Task - An exact restatement of the data is required, with the images omitted.
____ Records supplied
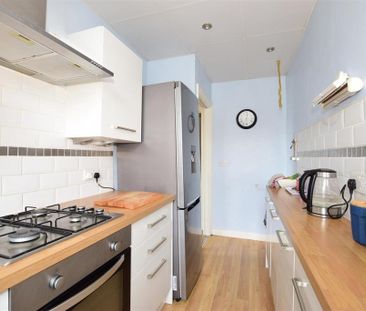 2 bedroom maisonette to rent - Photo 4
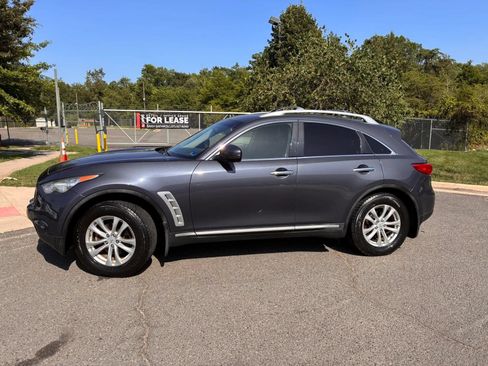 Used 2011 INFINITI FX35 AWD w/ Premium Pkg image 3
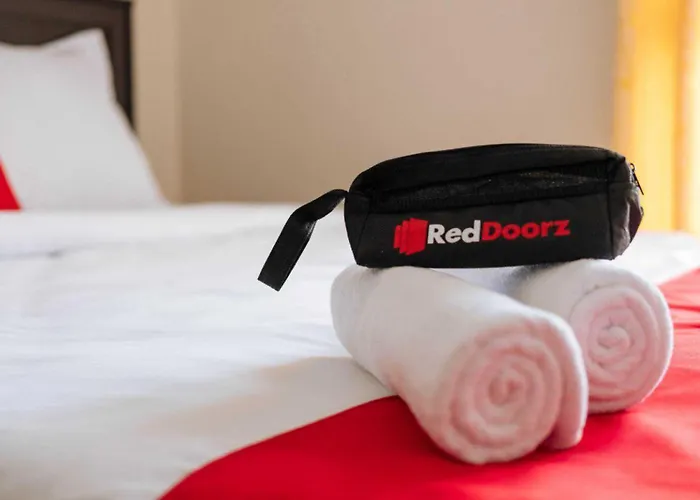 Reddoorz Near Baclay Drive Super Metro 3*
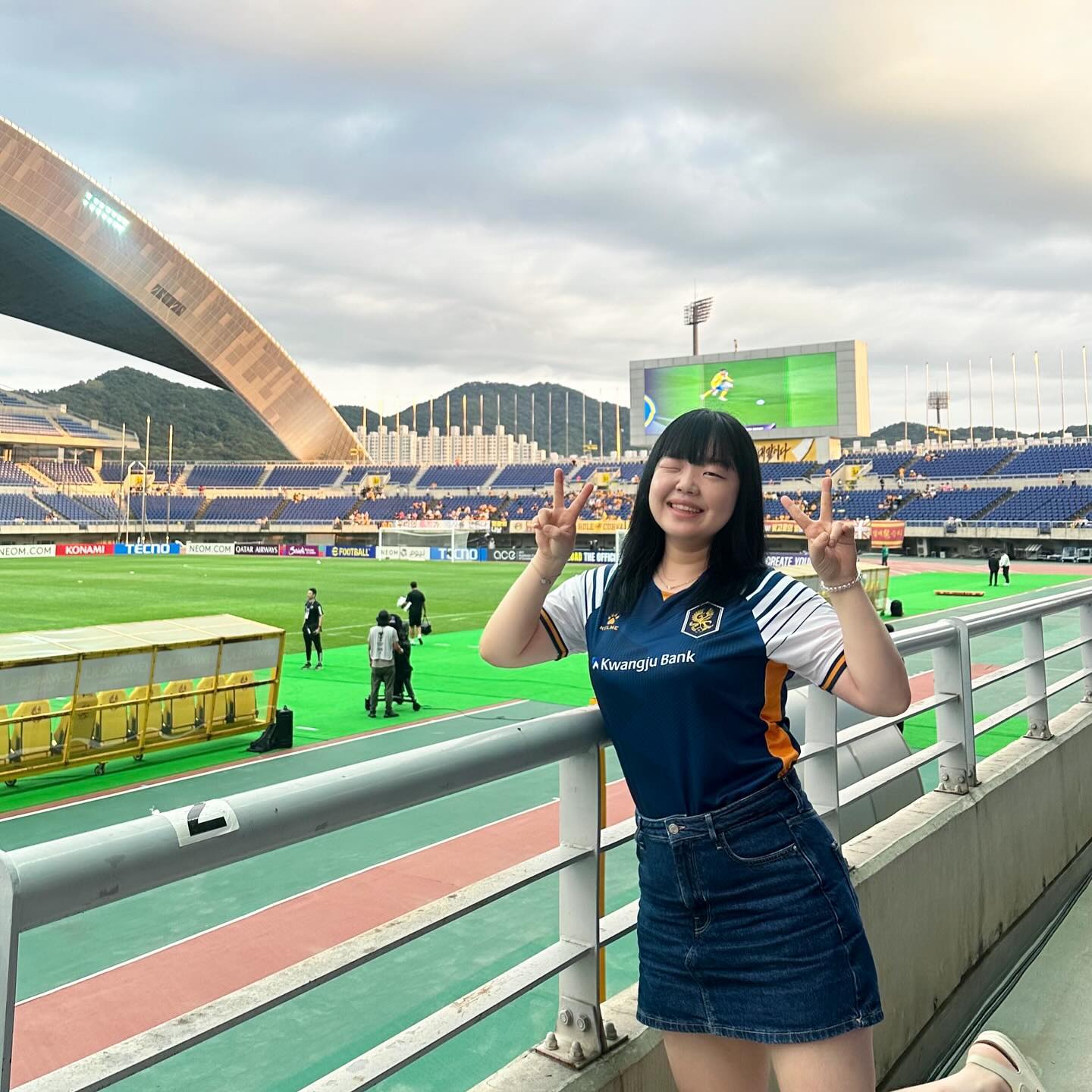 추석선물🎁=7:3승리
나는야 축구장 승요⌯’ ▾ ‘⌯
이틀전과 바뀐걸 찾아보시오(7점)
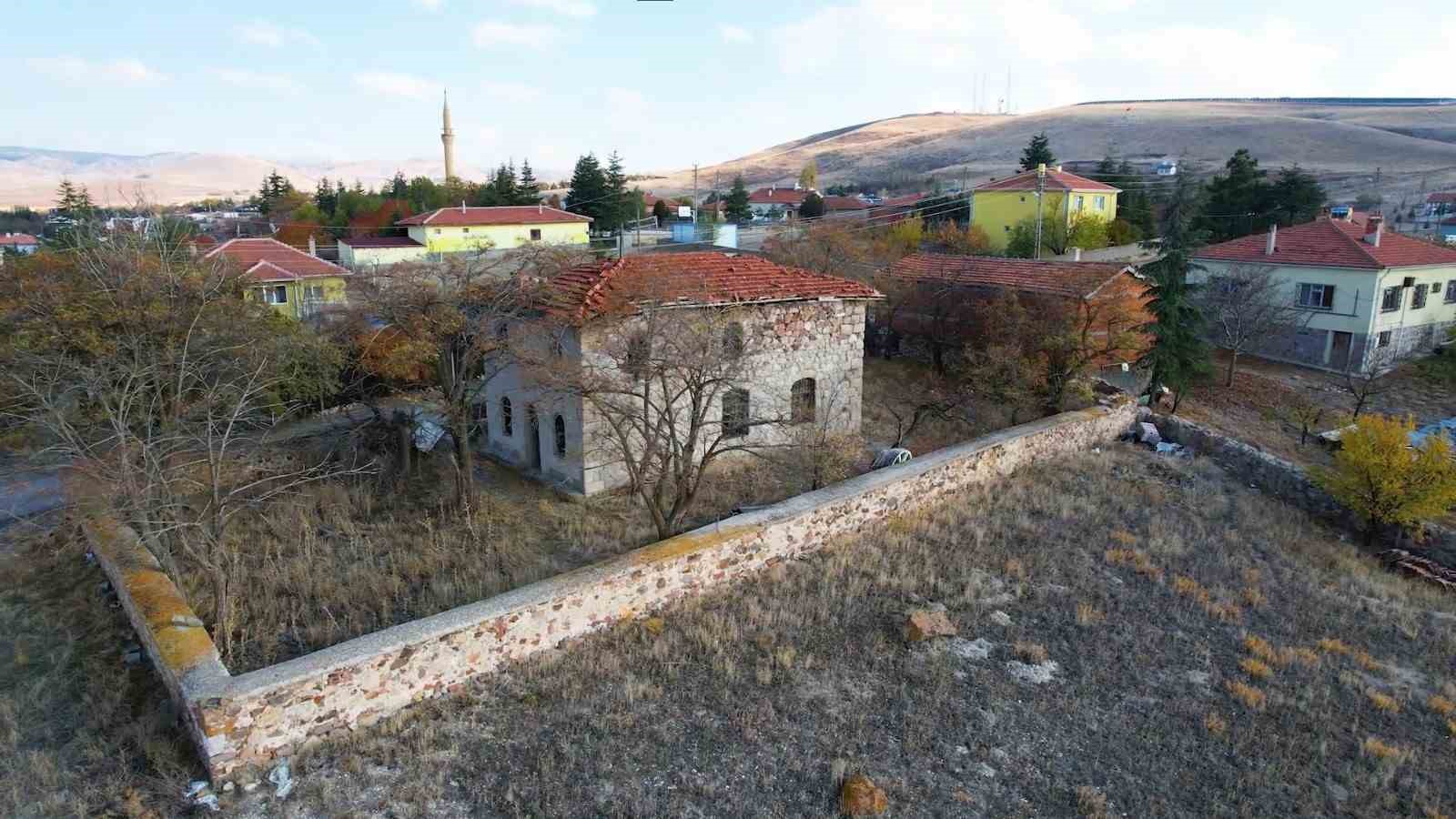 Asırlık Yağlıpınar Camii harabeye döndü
________
Answer space -
 2 bedroom maisonette to rent - Photo 4
 Used 2011 INFINITI FX35 AWD w/ Premium Pkg image 3
 Reddoorz Near Baclay Drive Super Metro 3*
 추석선물🎁=7:3승리
나는야 축구장 승요⌯’ ▾ ‘⌯
이틀전과 바뀐걸 찾아보시오(7점)
 Asırlık Yağlıpınar Camii harabeye döndü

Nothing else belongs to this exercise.